ADA banyak teori tentang Komunitas Penyembuh atau apa yang saya sebut kini Kampung Pemulihan (KP). Saya mau mengutip salah satu saja menurut W. A. Mehroff (1999:97), dalam bukunya Community Design: A Team Approach to Dynamic Community Systems, bahwa suatu komunitas penyembuh menghadapi situasi yang kompleks antara individu, kelompok dan organisasi sosial di dalamnya. Agar proses penyembuhan/pemulihan itu berlangsung baik, para penyintas itu perlu menceritakan pengalaman mereka. Tujuan sebenarnya ialah kita menciptakan suatu lingkungan di mana kita adalah bagian dari lingkungan/komunitas di mana kita tinggal atau berasal. Sebab setiap orang mempunyai hubungan dan tidak bisa dipisahkan dari lingkungan aslinya.

Suara saudara yang terpapar dan para penyintas tidak boleh diabaikan dalam proses pemulihan. Mereka berhak sembuh, pulih. Berhak untuk tidak didefenisikan sebagai “korban” melainkan saudara. Berhak ditempatkan setara dalam hubungan antarindividu dan dalam komunitasnya. Penderitaan adalah suatu pengalaman yang tidak tabu untuk dibagikan (spiritual sharing), diceritakan, karena itu untuk didengar. Cerita mereka adalah bagian dari narasi komunitasnya, seperti mereka adalah bagian dari lingkungan asalnya itu. Setiap orang dalam komunitas harus membiasakan diri dengan cerita tentang penderitaan atau sakit, wabah atau pandemik, sebab itu cerita itu mendewasakan kita untuk memahami hidup secara utuh, bahwa kita tidak terasing dari segala peristiwa yang terjadi di lingkungan kita, bahkan ketika di situ terjadi suatu peristiwa yang mengharu-biru.

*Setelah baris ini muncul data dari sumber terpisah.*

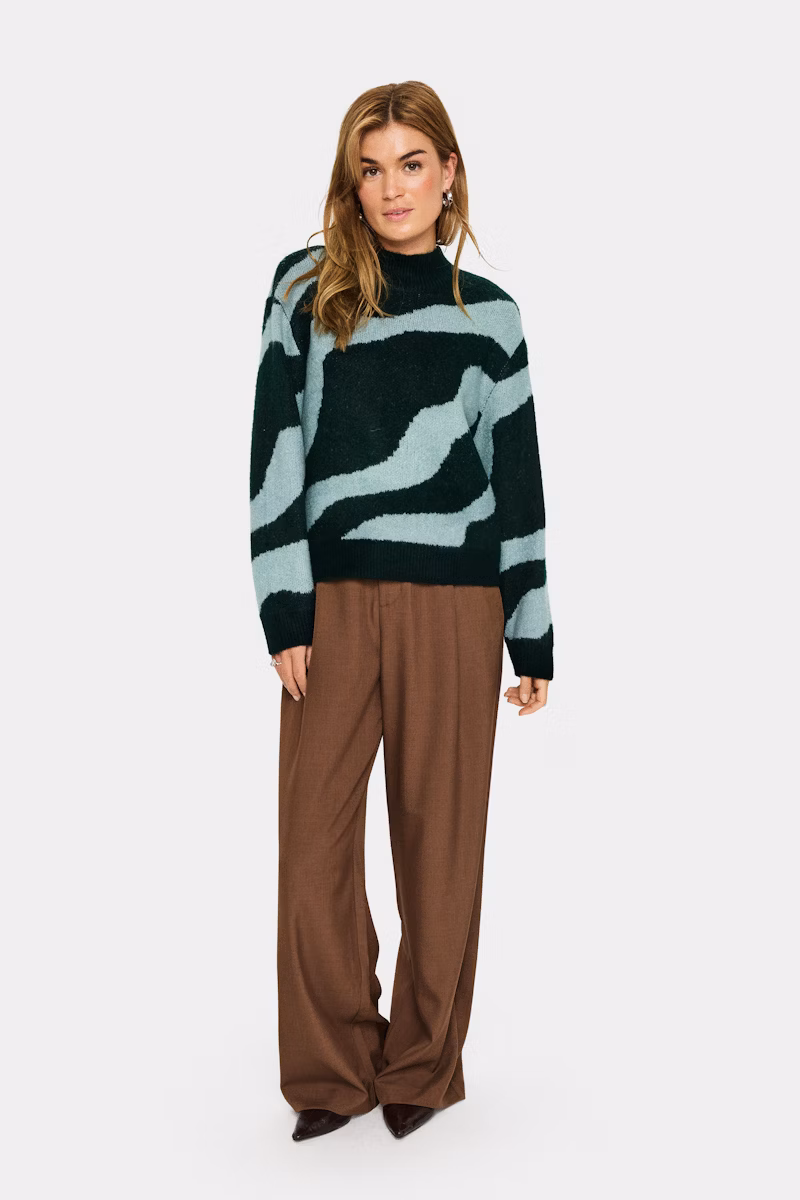SAINT TROPEZ MALLIE  PULLOVER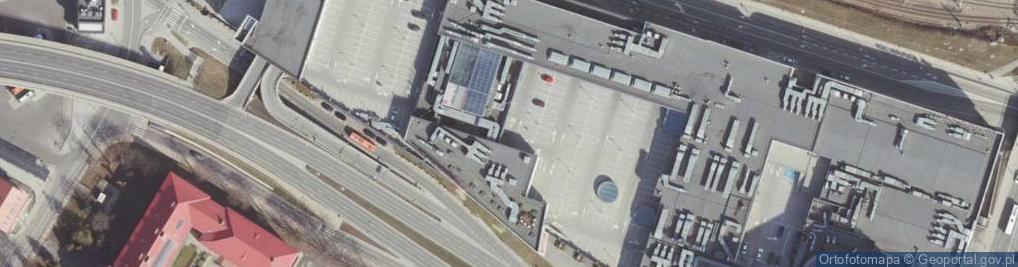 Zdjęcie satelitarne Action - Rzeszów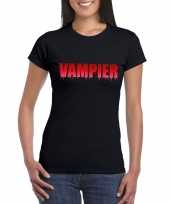 Halloween vampier shirt zwart dames kopen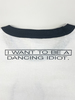 【受注販売】farewell to past waltz Tee(ナチュラル×スミクロ)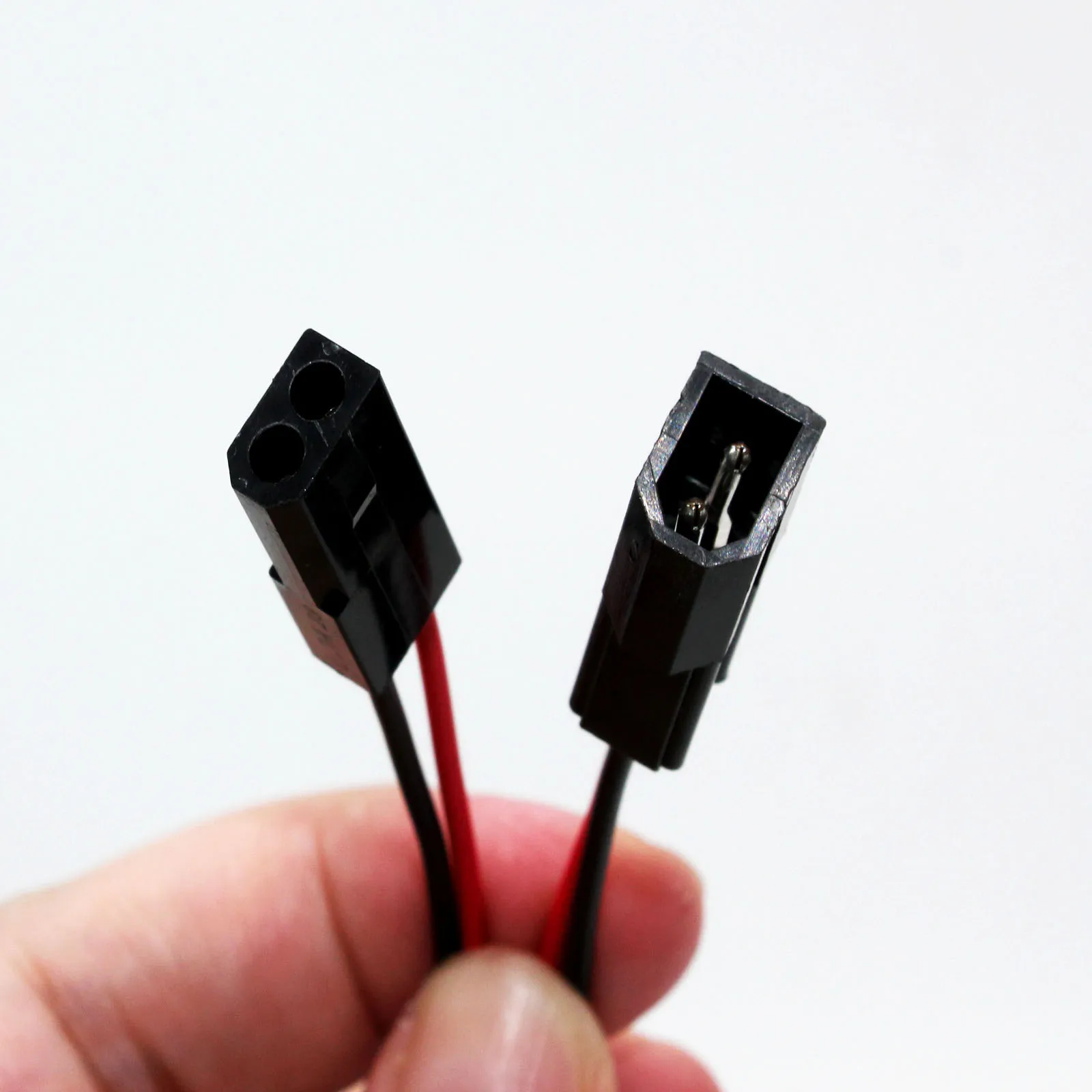 10cs 165mm Copper wire 2 Pin JST Plug Connector Male+Female Plug Connector Cable Wire for RC Toys Battery LED Lamp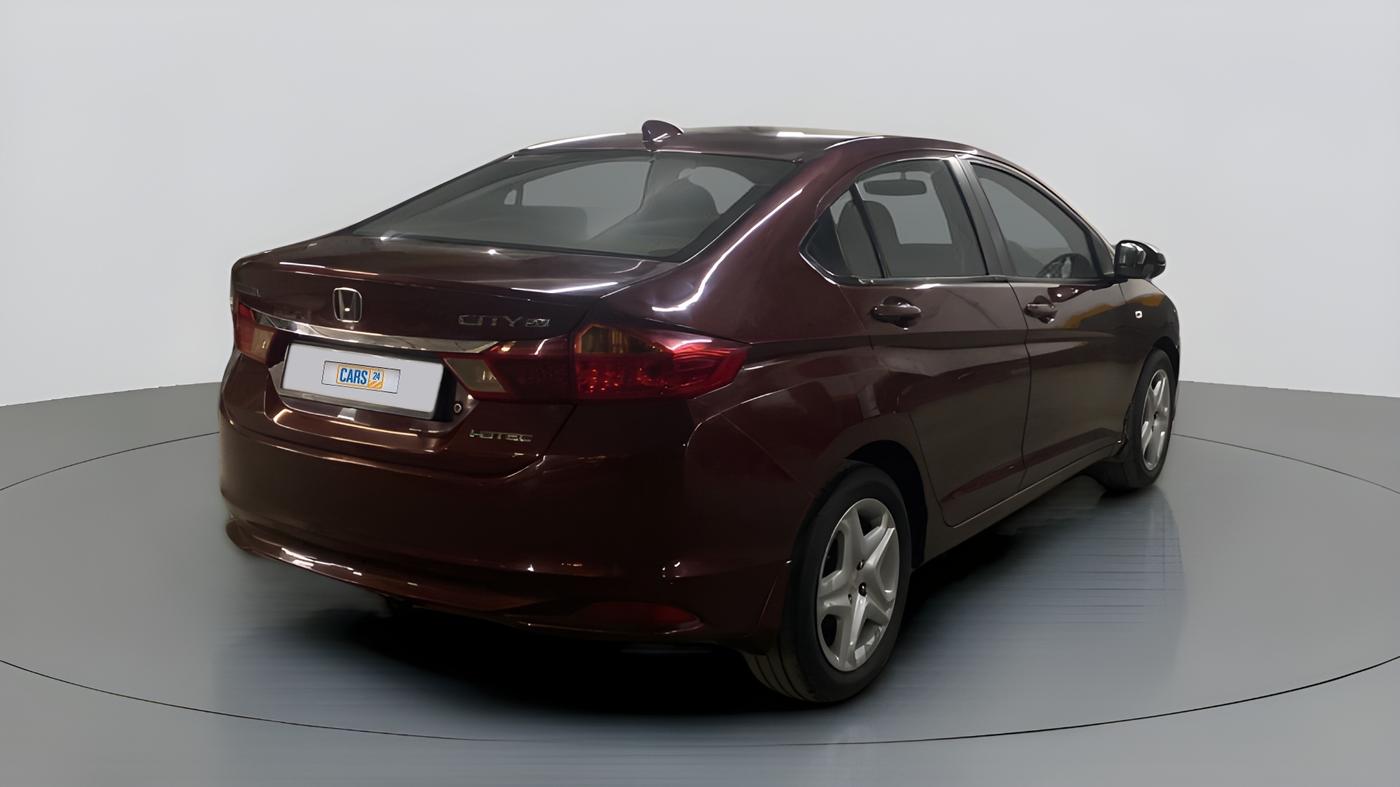 2014 Honda City 1.5L I-DTEC SV, Diesel, Manual, 86,755 km, Right Back Diagonal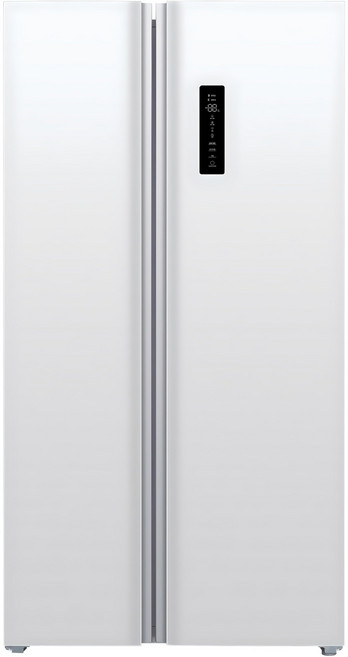 TCL 메탈 600L 2도어 양문형 냉장고 방문설치, p633sbw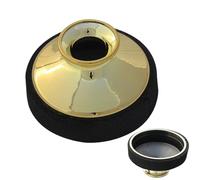 SILENCER MUTE SAXOPHONE ALTO | Absorbente ABS ligero | Accesorio de reducción de ruido para principiantes | Herramienta de práctica portátil para músicos y estudiantes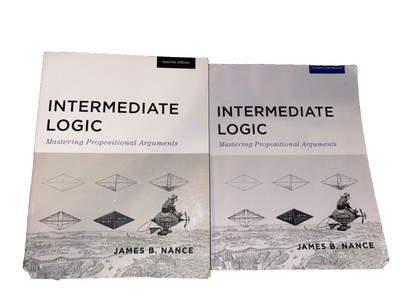 Intermediate Logic set - teacher edition & student handbook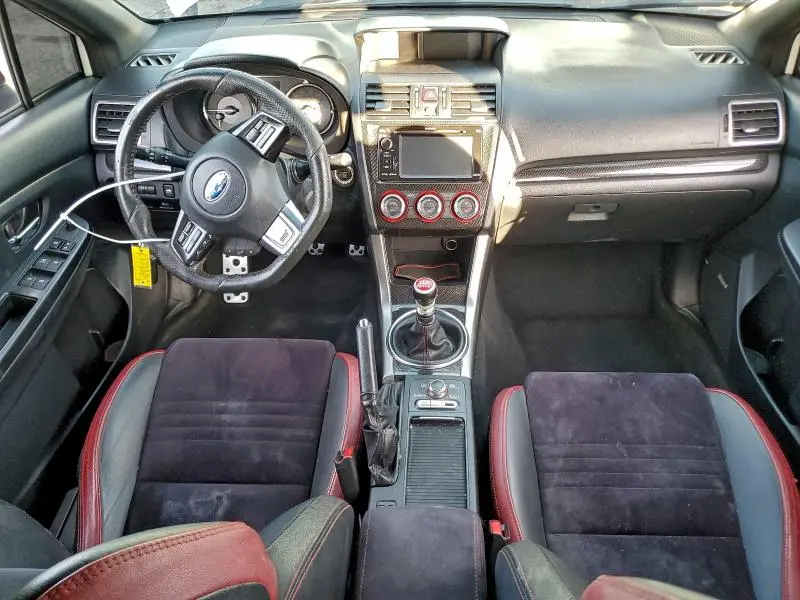 2015 SUBARU WRX STI  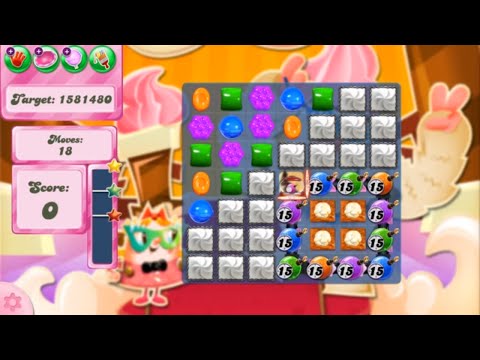 Candy Crush Saga Level 2653 NO BOOSTERS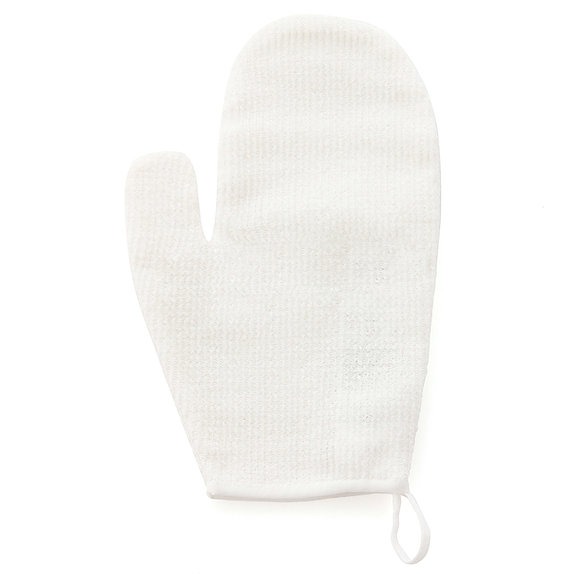 Muji Bath Mitten with free Muji Pumice Stone, Babies & Kids, Bathing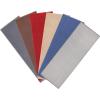 Arkwright SC Jakarta 2 Pc Rug Mat Set – Non Skid Latex Backing Floor Rugs for Home, Kitchen, Outdoor (16×23 & 20×30 in, Blue)(Silver)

Pada bagian pertama tulisan ini, telah disebut bahwa dukungan masyarakat terhadap saudara-saudara yang terpapar covid-19 adalah “vaksin sosial” yang membangkitkan semangat untuk sembuh. Kali ini, KP haruslah dijadikan sebagai suatu lingkungan sosial di mana setiap orang merasa benar-benar menjadi bagian di dalamnya, tidak dipandang dengan sebelah mata, apalagi dipahami sebagai “pembawa virus”. Ingat bahwa individu itu tidak bisa dilepaskan dari keluarga darimana ia lahir. Ia pun tidak bisa dipisahkan dari lingkungan darimana ia berasal. Dia juga tidak bisa diceraikan dari tempat di mana ia hidup. Ia menyatu dengan lingkungan asalnya.

BACA JUGA :  Rapat Bersama DPRD Maluku, Pertamina Jamin Stok BBM Selama Ramadhan dan Idul Fitri Aman

HINDARI STIGMA TERHADAP ORANG. Oleh sakit apa pun, seseorang tidak boleh distigmakan sebagai “pembawa bencana”, sebab tidak ada orang yang bercita-cita untuk sakit. Individu dan masyarakat memiliki cara untuk melindungi diri dan komunitasnya, dan berusaha menjadikan cara itu sebagai mekanisme untuk bertahan hidup (survive). Cara-cara melindungi diri dan komunitas itu adalah kemampuannya berada, menyesuaikan diri (adaptasi) dan mengembangkan komunitas atau lingkungannya sebagai lingkungan kehidupannya. Di dalam lingkungan hidup itu (habitat) dia mengembangkan perilaku yang unik dan khasnya (habitus). Bila seseorang telah distigmakan maka pengalamannya akan hilang. Di situ, komunitasnya dan lingkungan yang lebih luas akan kehilangan kepekaan menghadapi pandemik atau pengalaman trauma lainnya. Kita memerlukan cerita tentang pengalaman melewati krisis agar kita bisa mengendalikan mekanisme diri untuk survive.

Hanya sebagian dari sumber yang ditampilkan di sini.